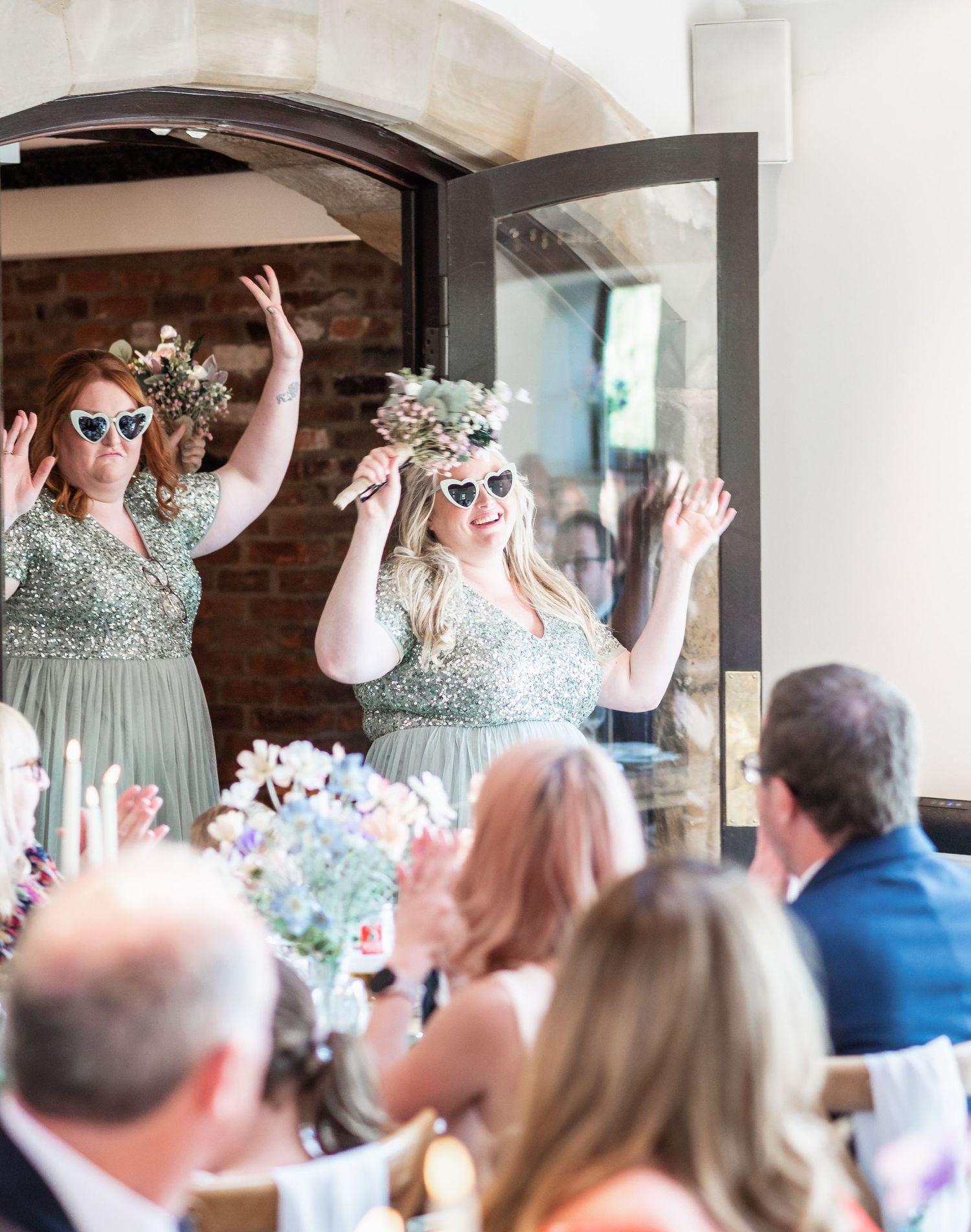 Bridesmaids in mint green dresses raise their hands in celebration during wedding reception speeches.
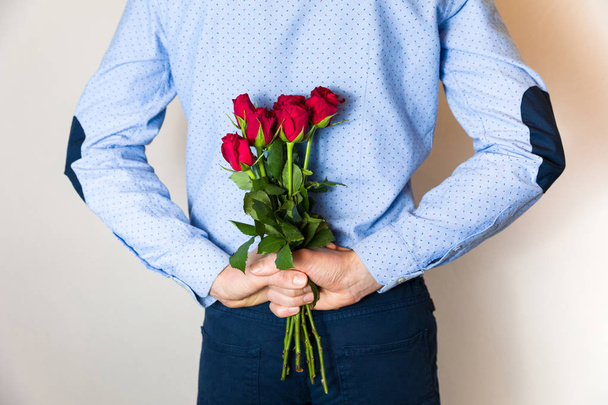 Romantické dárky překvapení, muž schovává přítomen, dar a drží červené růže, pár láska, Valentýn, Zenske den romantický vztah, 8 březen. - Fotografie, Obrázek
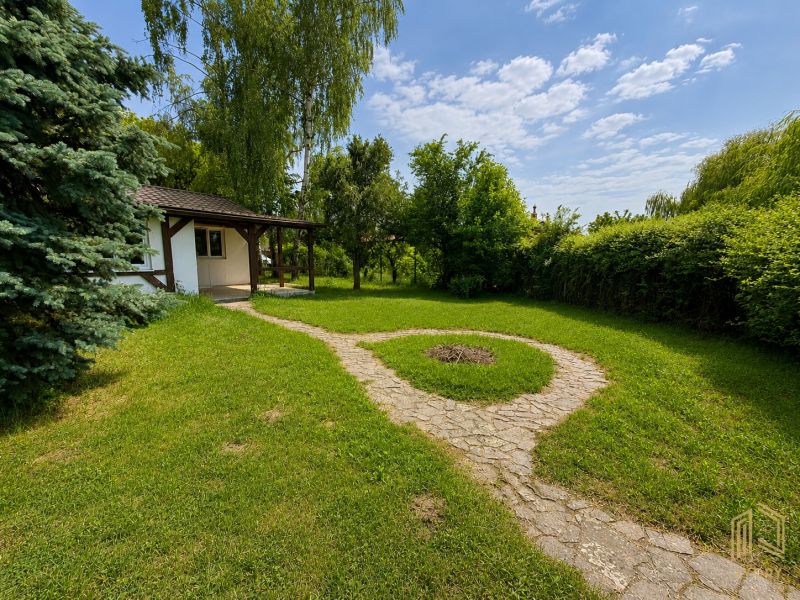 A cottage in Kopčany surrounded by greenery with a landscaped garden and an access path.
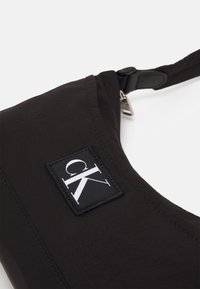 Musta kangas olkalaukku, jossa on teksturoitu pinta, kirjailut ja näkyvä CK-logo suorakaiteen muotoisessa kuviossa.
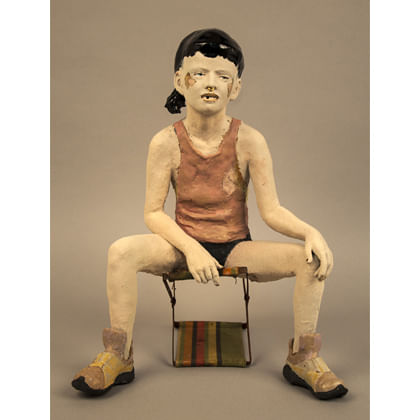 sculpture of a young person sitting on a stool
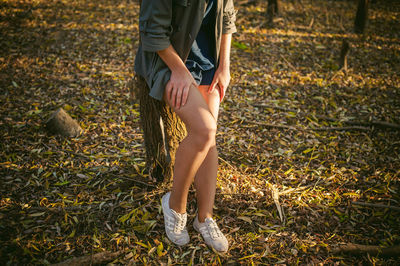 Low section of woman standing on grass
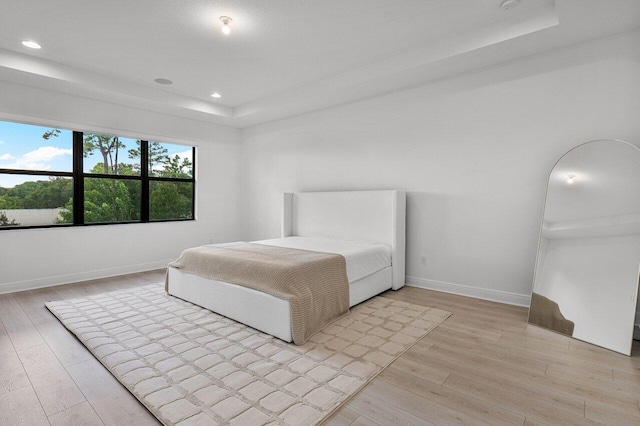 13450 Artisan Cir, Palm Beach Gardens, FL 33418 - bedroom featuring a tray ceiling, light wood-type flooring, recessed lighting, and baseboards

Exercise directions = Everything in the material above should be reproduced exactly, except the pictures.

Written solution =
 Bridesmaids in mint green dresses raise their hands in celebration during wedding reception speeches.
 Romantické dárky překvapení, muž schovává přítomen, dar a drží červené růže, pár láska, Valentýn, Zenske den romantický vztah, 8 březen. - Fotografie, Obrázek
 A cottage in Kopčany surrounded by greenery with a landscaped garden and an access path.
 Musta kangas olkalaukku, jossa on teksturoitu pinta, kirjailut ja näkyvä CK-logo suorakaiteen muotoisessa kuviossa.
 sculpture of a young person sitting on a stool
 Low section of woman standing on grass
 13450 Artisan Cir, Palm Beach Gardens, FL 33418 - bedroom featuring a tray ceiling, light wood-type flooring, recessed lighting, and baseboards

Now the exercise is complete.